You’re likely to have many sleepless or low sleep nights before and after you launch. Being a CEO or CTO is not a 9-5 job, it’s a 24/7 job. Sometimes you won’t be able to sleep because you’re brainstorming, other times you will be woken up by a server crashing. Your sleeping patterns will start to feel like a roller coaster ride. Make sure your mind and body can handle this type of lifestyle.
Being a Leader + Mentor
Have you previously held a leadership position as a manager of employees or interns? If your idea takes off and you receive funding and/or early revenue, you might be scaling your team quicker than you thought. You will be responsible for managing senior executives that manage junior employees. Your team, especially your youngest employees, will look to you as mentor.
Hiring + Firing Employees
If you answered yes to the last question, have you ever hired or fired an employee or intern? You will be responsible for recruiting top talent, especially during the early stages of your company. You might even have to fire an employee (or your co-founder) down the line. Sometimes you’ll hire someone and discover later that they’re not the right culture or skill-set fit. At the end of the day you have to decide what’s best for the future of your company.

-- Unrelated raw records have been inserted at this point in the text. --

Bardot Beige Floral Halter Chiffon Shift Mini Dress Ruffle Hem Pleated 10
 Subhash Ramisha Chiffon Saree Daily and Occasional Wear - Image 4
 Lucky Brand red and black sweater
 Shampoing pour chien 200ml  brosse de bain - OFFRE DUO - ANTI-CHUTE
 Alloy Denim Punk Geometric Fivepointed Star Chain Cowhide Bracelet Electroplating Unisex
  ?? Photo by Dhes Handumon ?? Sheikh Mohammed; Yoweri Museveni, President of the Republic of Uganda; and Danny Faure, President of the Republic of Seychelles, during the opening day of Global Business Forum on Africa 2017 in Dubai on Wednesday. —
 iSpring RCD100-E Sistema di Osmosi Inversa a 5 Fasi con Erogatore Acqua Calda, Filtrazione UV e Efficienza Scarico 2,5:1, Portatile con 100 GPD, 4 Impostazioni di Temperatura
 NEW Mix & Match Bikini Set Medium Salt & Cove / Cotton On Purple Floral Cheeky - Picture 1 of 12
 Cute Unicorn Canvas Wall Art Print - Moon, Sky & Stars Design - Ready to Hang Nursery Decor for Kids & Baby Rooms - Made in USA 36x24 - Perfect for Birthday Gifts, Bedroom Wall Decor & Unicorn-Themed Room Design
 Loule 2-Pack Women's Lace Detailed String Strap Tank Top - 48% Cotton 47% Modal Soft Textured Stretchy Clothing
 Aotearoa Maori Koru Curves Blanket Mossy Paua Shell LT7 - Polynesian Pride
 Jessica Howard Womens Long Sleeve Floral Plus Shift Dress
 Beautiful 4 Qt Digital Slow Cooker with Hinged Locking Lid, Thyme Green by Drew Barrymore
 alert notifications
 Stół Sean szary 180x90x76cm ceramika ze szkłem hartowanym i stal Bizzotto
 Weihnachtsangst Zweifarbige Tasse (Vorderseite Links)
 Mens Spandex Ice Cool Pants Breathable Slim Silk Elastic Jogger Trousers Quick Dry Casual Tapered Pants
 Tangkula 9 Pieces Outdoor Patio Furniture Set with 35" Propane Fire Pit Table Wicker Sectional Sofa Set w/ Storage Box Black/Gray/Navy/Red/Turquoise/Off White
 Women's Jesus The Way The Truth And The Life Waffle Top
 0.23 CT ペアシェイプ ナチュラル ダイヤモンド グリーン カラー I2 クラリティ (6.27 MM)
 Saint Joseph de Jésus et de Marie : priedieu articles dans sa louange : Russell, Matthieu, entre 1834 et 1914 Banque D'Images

You will be establishing what the most important projects your team should be working on. There will be constant shifts in priorities and deadlines based on your product roadmap and the needs of your users. Make sure you can sense when there is a need for a shift in priorities and communicate that to your team so everyone is on the same page.
Workflow + Productivity
Are you comfortable not knowing what’s coming tomorrow and the week after? There will undoubtedly be new challenges that pop-up everyday such as team disputes, a server crashing, a user issue to take care of, bugs to fix, or a client needing troubleshooting help. It will be your job to put out these fires while keeping the rest of your team focused and calm under pressure.
While there will be numerous challenges and “fires” to take care of, there will also be rewarding challenges, such as learning to code and picking which logo design to use for your company’s identity. You must be open to learning something new tomorrow about yourself, your team, users, product, ecosystem, etc.
Business Development + Sales
Are you skilled at selling people on ideas and products they didn’t know they need until they meet you? You will be responsible for crafting strategic partnership proposals and leading meetings with potential clients and investors. This skill-set will also come in handy when you’re recruiting and communicating your company’s story and vision to potential hires.
Making Mistakes + Learning From Them
Everyone makes mistakes. It’s all about how you fix them and the lessons you take away from the challenge. You won’t have time to dwell on your mistakes because by the time you’re done fixing one there will be something else to take care of.
There will be numerous times when you have to get up in front of a crowd to talk about your company. This might be at meetups and conferences, and pitching potential investors, advertisers and customers. You must be comfortable presenting your ideas and vision to small and large groups of people.
Not everyone is going to like your idea. You will receive feedback from multiple perspectives via your friends, family, users, clients, investors and journalists. It will be your job along with your product team to synthesize and prioritize which ideas to implement. My advice is to gage feedback based on the domain expertise of the person giving you feedback. Your mother may not know anything about your market but the potential investor who is a veteran of your space does.